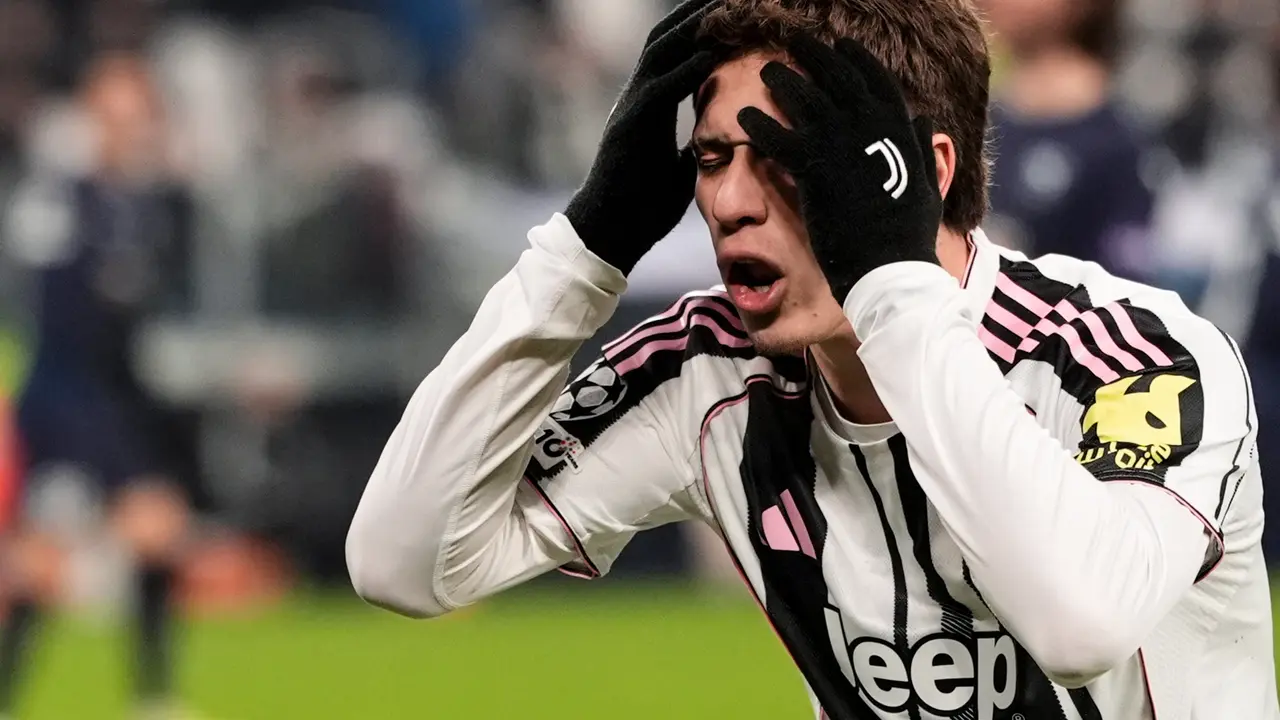 Ekspresi Kenan Yildiz di laga Juventus vs Pafos di matchday 6 league phase Liga Champions 2025/2026 di Allianz Stadium, Kamis (11/12/2025) dini hari WIB. (Fabio Ferrari/LaPresse via AP)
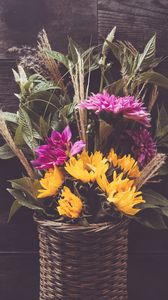 Preview wallpaper flowers, bouquet, basket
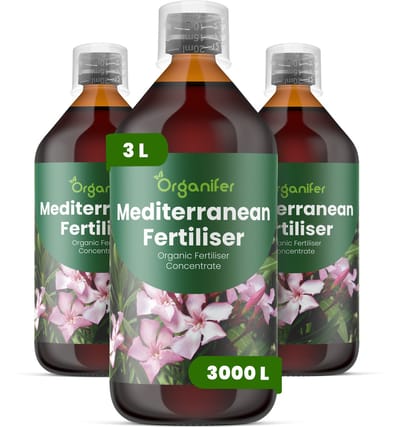 Vloeibare Meststof Voor Mediterrane Planten 3X1L Voor 3000 L - Npk 3-4-3 - Stimuleert Krachtige Groei En Dichte Vertakking Bij Mediterrane Planten - Bevordert Bloei - Knopvorming En Vruchtontwikkeling - Versterkt Het Wortelstelsel - Organifer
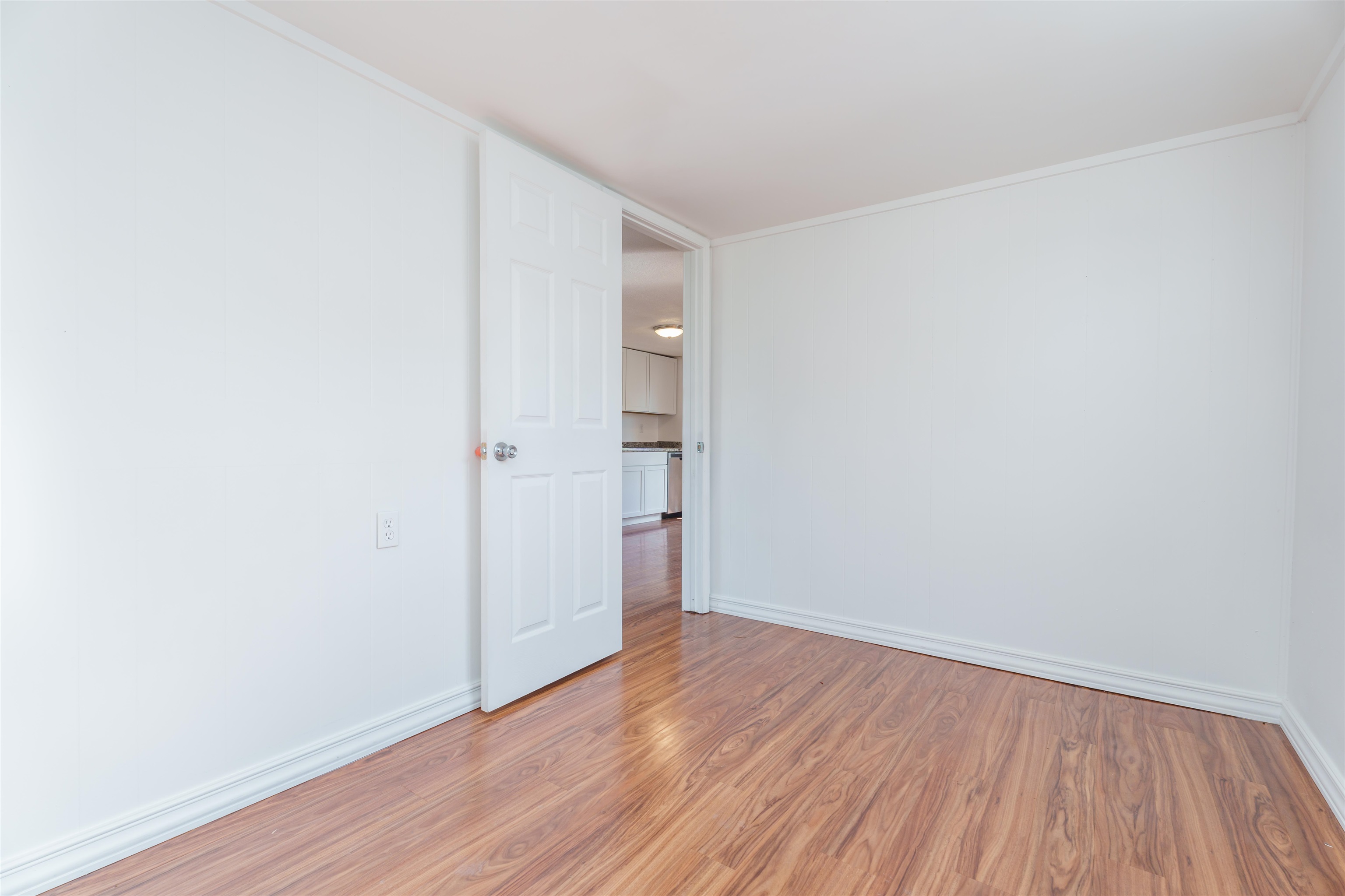 2800 6th Street, Owensboro, Kentucky 42301, 3 Bedrooms Bedrooms, ,1 BathroomBathrooms,Single Family Residence,For Sale,6th Street,89626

▶ [Exercise goal] Copy every line above exactly, leaving no picture in the copy.

▶ [Result for this exercise]
 Ekspresi Kenan Yildiz di laga Juventus vs Pafos di matchday 6 league phase Liga Champions 2025/2026 di Allianz Stadium, Kamis (11/12/2025) dini hari WIB. (Fabio Ferrari/LaPresse via AP)
 Preview wallpaper flowers, bouquet, basket
 Vloeibare Meststof Voor Mediterrane Planten 3X1L Voor 3000 L - Npk 3-4-3 - Stimuleert Krachtige Groei En Dichte Vertakking Bij Mediterrane Planten - Bevordert Bloei - Knopvorming En Vruchtontwikkeling - Versterkt Het Wortelstelsel - Organifer
 2800 6th Street, Owensboro, Kentucky 42301, 3 Bedrooms Bedrooms, ,1 BathroomBathrooms,Single Family Residence,For Sale,6th Street,89626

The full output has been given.